Migrants stand behind a fence at Karatepe refugee camp on Lesbos, Greece, 29 March 2021. Photograph: Panagiotis Balaskas/AP
Migrants stand behind a fence at Karatepe refugee camp on Lesbos, Greece, 29 March 2021. Photograph: Panagiotis Balaskas/AP

EU announces funding for five new refugee camps on Greek islands

This article is more than 2 years old

Ylva Johansson’s visit Lesbos and Samos met with demonstrations from locals, as charities warn camps are ‘recipe for catastrophe’

The EU is to give Greece funding to build five new refuge camps on the Aegean islands.

Ylva Johansson, the EU home affairs commissioner, visited Lesbos and Samos on Monday to announce that the EU would provide €250m of funding (£213m) for five new structures on the islands of Lesbos, Samos, Chios, Kos and Leros.

A large crowd of demonstrators gathered outside the town hall on the waterfront in Mytilene, the capital of Lesbos, to protest against her visit. Some wrapped themselves in Greek flags and others held signs calling for European solidarity. One sign read: “No to European Guantánamos. Shame on you, Europe.” Another said: “No structures on the island, Europe take responsibility.”

Protesters hold a banner at the town hall in Lesbos during the visit of EU home affairs commissioner Ylva Johansson to Lesbos on 29 March. Photograph: Elias Marcou/Reuters

Kostas Moutzouris, the northern Aegean’s regional governor, told the Guardian he had cancelled his meeting with Johansson during her visit. “We don’t want the money for new camps – we want it for what we suffered all these years but not to build new camps,” he said.

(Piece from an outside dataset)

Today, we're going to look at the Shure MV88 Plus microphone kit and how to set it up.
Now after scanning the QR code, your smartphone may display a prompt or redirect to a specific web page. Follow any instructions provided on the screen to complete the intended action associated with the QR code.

At a joint press conference with the Greek immigration minister, Notis Mitarachi, Johansson said it was of “utmost importance” that people were not in the “temporary” camp built in the wake of the Moria fire for another winter. An agreement for €155m for the construction of camps on Lesbos and Chios had just been signed, she said.

She said there should be “quick and fair” asylum processes, and that the EU was calling on Turkey to resume accepting migrants from Greece.

“Even if you are not eligible [to stay in Greece] you are a human being – you have rights and dignity and should be treated accordingly,” she said.

Mitarachi said the new centres on Samos, Kos and Leros would be ready within the three months and would offer “dignified” living conditions, but entry and exit would be controlled, with fencing around the camps.

“For those that believe we are creating a new Moria, it will be shown in practice that you are wrong,” he said.

Rights groups have criticised the temporary camp on Lesbos that has been called “Moria 2:0” for substandard living conditions.

Mitarachi said there were too many “semantics” around the new camp, which would “have a central gate”, he said. He said every asylum seeker would have a card stating the hours they could leave the centre to provide a sense of safety for refugees and the local community.

Humanitarian groups working on the ground with refugees raised concerns. “Ylva Johansson’s visit in Lesbos and Samos to promote new camps and a ‘Europeanised’ migration policy show how EU leaders live in a parallel universe,” said Stephan Oberreit, Médecins Sans Frontières’ head of mission in Greece.

“Thousands of men, women and children continue to suffer every day in Europe’s camps in Samos and Lesbos while nothing seems to indicate that the model of containment that created hells like Moria and Vathy and recurrent emergencies over the past five years has ever been called into question by the EU,” Oberreit said.

“We have said it several times: continuing to clone and repackage the containment model is the best recipe for a catastrophe. It is time to demand dignified alternatives to camps and access to a fair and dignified asylum procedure, otherwise those seeking safety in Europe will continue to suffer.”